For Field 2, radial eminence is accompanied by fracture extension. The X-1# was fragmented with the rock base at the edge of the bearing plate lifted, and part of the rock mass fell off and bulged out. One side of the rock mass in the X-2# falls off and bulges out, presenting a clastic division. The rock mass at X-3# was the most complete, and the integrity of rock mass between fractures is good.

In Field 3, the crushing area of C-1# is divided along the crushing zone. For all test fields, the failure bottom surface of the bearing plate is a complete bedding surface.

3.2. Triaxial Test

The confining pressure range of this research is preliminarily determined according to the uniaxial test, actual excavation depth, and the upper load of the foundation. The strength of the sample in Field 2 was low. Therefore, the dynamic triaxial test system (confining pressure range 0~3 MPa) with a low confining pressure of 0.3 MPa, 0.6 MPa, 0.9 MPa, 1.2 MPa, 1.5 MPa, and 1.8 MPa were for the triaxial test. The uniaxial compressive strength of the sample in Field 3 was 5.99 MPa. If the confining pressure range is much larger than the uniaxial compressive strength, the sample may deform as the confining pressure is loaded. That will lead to a distortion of the test results during the subsequent axial loading. Therefore, the confining pressure was 2 MPa, 4 MPa, 6 MPa, 8 MPa, 10 MPa, and 12 MPa to ensure the stability of the confining pressure specimen under loading.

Figure 8 shows the triaxial stress–strain curves, and Figure 9 shows the molar circle of the stress and strength envelope of mudstone.

Figure 8a and Figure 9a were for Field 2. The overall strength of the sample increases as the confining pressure increases. Furthermore, the peak strength increases from 3 MPa to 5.5 MPa. Under low confining pressure, 0.3~0.6 MPa, mudstone shows a strain-softening phenomenon after reaching the peak of deviator stress. When the confining pressure exceeds 0.9 MPa, the deviator stress does not change after getting the peak value. When the axial strain comes to 8%, there were many cracks in the upper part of the rock sample but no apparent cracks in the lower part of the rock sample. The whole-rock sample was not crushed. The calculated internal friction angle φ of the mudstone sample is 31.34°, and cohesion c is 0.7 MPa.

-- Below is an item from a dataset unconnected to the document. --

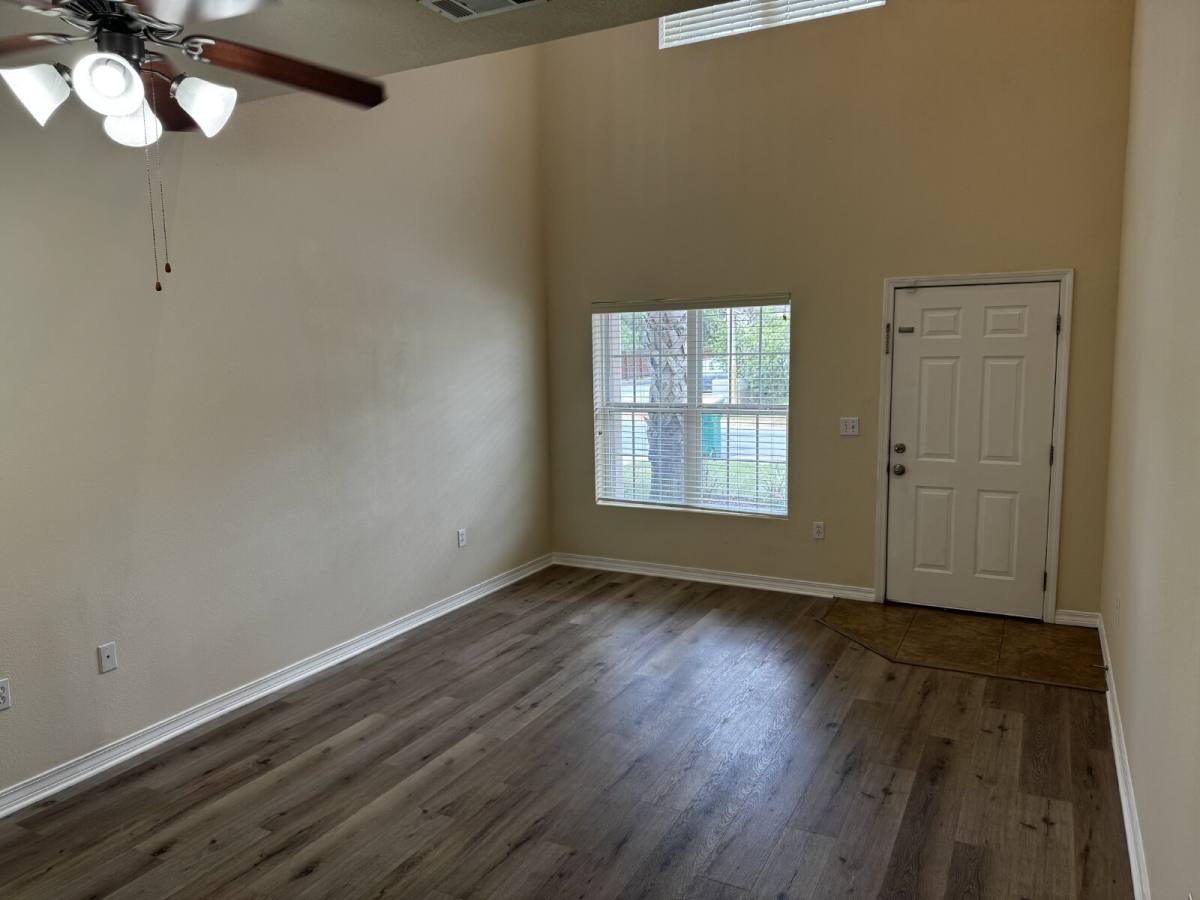 Townhouse for rent at 1512 Bentley Circle, Fort Walton Beach, FL 32547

Figure 8b and Figure 9b were for Field 3. The peak strength increased from 15.13 MPa to 45.99 MPa with the increase in confining pressure. After reaching the peak value of deviator stress, the whole rock sample shows a strain-softening phenomenon. The calculated internal friction angle φ of the mudstone sample is 35.16°, and cohesion c is 2.8 MPa.

3.3. Binocular Vision

Figure 10 shows the topography features before and after the load test and surface deformation reconstruction. The test point’s surface deformation reconstruction was based on four measurement areas. Table 9 summarizes the deformation parameters of each test point. For Field 1, the failure range is 26.5 cm, the maximum deformation is 1.1 cm, and the average deformation is 0.7 cm. For the three test points of Field 2, the failure range is 20.4 cm, 35.7 cm, and 33.1 cm; the maximum deformation is 2.0 cm, 1.1 cm, and 1.7 cm; and the average deformation is 1.1 cm, 0.9 cm, and 1.1 cm. Field 3 had the most extensive failure range, 35.9, the maximum deformation is 1.8 cm, and the average is 0.9.

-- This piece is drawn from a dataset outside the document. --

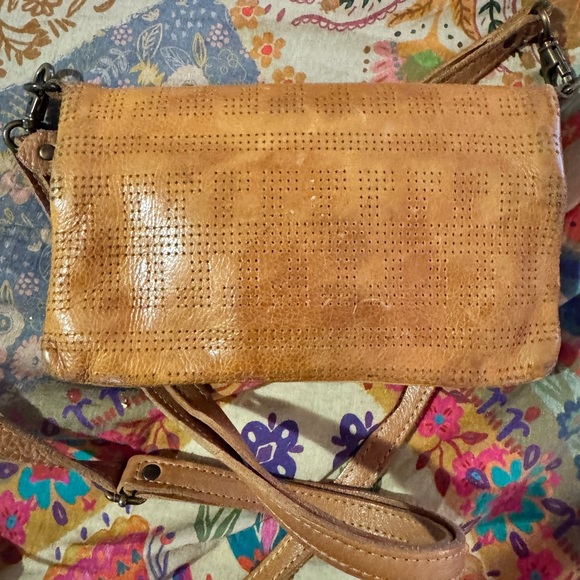 Bed Stu Bayshore Cadence Leather Crossbody Clutch in tan rustic - Picture 5 of 6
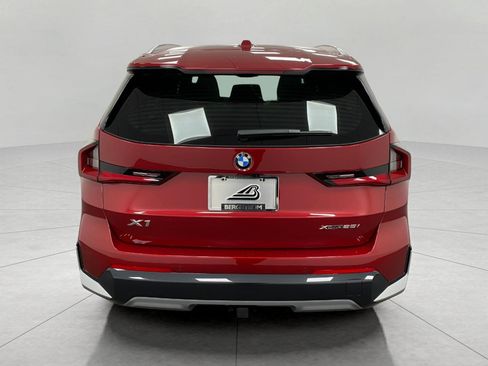 New 2026 BMW X1 xDrive28i image 5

The rock mass of Field 2 is relatively complete in the bedding direction, and there is no weak fracture zone. The rock mass of the X-3# test point is the most comprehensive. In this research, the most typical dynamic data of the X-3# surface deformation was for analyzing the progressive failure law of the moderately weathered red mudstone foundation. The marking points cannot form concentric circles when arranging them as the influence of the actual surface of the rock mass. Therefore, the average deformation at different positions is calculated by approximate concentric circles. Figure 11 shows the diagram of the circle arrangement. The first to sixth layers gradually moved away from the bearing plate. Each layer has an interval of about 20–30 mm. This research defines each layer’s displacement increment (deformation) as the average deformation value of all marking points in the same layer. The cumulative displacement (deformation) was the cumulative value of the displacement increment in the same layer with the change in loading time. Then, we obtain the 3D coordinates of the marking points in each layer of the test point at each time through the vertical, horizontal, and spatial displacement increment (the spatial deformation displacement of any point) of the area around the bearing plate.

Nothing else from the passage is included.